Task force member and English/Social Sciences teacher Rebecca Fisher says, “We have had conversations on topics ranging from inclusivity around the school uniform, trainings necessary for me mindful of inclusive language inside and outside of the classroom, the disenfranchisement of the populations we are representing historically and at the school, as well as what does it mean to be questioning your gender while attending a single-sex school.”

In the last two months, the task force rolled out several changes. One was revamping the school uniform to include pants. Another was the designation of a gender-neutral bathroom for students since there already was one for teachers. There was a ribbon cutting ceremony to celebrate is establishment during Diversity Week.

In an email to students, Director of Admissions Cathy Lewis addressed both changes, saying, “The teachers will continue to talk about how to fully support and honor each of you, acknowledge the complexities of identity, and truly embrace the gift of diversity at our school.”

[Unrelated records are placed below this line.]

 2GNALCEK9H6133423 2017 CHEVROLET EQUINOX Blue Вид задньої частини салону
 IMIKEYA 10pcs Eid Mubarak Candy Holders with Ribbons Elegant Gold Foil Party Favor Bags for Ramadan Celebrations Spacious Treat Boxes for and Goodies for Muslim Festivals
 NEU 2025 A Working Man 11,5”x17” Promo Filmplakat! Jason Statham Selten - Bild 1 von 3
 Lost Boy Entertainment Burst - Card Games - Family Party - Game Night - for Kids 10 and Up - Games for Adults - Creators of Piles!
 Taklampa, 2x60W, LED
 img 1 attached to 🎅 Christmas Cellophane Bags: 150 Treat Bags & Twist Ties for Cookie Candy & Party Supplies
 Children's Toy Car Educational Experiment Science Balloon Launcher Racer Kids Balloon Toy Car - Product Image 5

In early March, faculty and staff had the option to participate in professional development by attending a presentation by Holly Osment, a licensed marriage and family therapist, while she spoke about issues facing LGBTQ+ teenagers. She shared research about the mental health of these teens when they experience bullying, rejection, and microaggressions against them.

She also spoke about the significance of using proper terminology and language when speaking to a room of people because you don’t know who is grappling with want and inclusion is important in supporting the mental health of teenagers.

Although laws in America are changing to recognize LGBTQ+ rights, the Church’s teachings are not. Some parishes practice inclusivity, accepting such students and families into their communities. Editor of “America” magazine and Jesuit priest, James Martin, S.J., has tweeted about the Church’s treatment of this community, advocating on the behalf of the LGBTQ+ community.

Likewise, NDB’s Gender Identity task force continues to embrace the school’s diversity and inclusion of LGBTQ+  in its school community.